* **WHAT TO DO**
Copy out again, unchanged, the line that contains "Pergola aus Cortenstahl" and every line after it down to the last line of the data.

BEGIN DATASET ENTRIES

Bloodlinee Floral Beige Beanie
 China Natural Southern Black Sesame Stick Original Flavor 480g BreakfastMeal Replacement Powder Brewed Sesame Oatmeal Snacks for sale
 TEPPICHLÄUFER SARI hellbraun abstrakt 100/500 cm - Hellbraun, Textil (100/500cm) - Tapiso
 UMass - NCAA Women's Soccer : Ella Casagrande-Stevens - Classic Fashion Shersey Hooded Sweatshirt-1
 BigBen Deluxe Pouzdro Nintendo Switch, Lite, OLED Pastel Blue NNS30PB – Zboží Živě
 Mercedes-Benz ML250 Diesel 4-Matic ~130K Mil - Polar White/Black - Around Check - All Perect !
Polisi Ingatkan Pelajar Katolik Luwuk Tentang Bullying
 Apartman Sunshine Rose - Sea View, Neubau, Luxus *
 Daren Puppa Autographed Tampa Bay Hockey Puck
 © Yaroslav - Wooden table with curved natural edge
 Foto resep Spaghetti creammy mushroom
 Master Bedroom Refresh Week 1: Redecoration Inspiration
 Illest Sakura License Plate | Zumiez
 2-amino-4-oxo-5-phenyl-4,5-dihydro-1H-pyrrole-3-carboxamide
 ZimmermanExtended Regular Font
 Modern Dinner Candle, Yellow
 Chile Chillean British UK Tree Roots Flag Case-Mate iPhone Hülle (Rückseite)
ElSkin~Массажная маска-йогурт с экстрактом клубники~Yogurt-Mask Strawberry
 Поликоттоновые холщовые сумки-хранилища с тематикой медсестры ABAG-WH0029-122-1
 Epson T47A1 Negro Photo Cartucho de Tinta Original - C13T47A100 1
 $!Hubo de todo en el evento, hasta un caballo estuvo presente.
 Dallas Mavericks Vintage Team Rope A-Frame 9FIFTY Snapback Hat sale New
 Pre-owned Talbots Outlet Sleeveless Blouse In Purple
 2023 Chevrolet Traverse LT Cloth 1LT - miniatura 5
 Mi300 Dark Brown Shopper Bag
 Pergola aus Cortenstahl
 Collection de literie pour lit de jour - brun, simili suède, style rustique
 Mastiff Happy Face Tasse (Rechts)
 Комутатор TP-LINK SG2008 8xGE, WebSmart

END DATASET ENTRIES

* **SOLUTION FOR THIS PROBLEM**
 Pergola aus Cortenstahl
 Collection de literie pour lit de jour - brun, simili suède, style rustique
 Mastiff Happy Face Tasse (Rechts)
 Комутатор TP-LINK SG2008 8xGE, WebSmart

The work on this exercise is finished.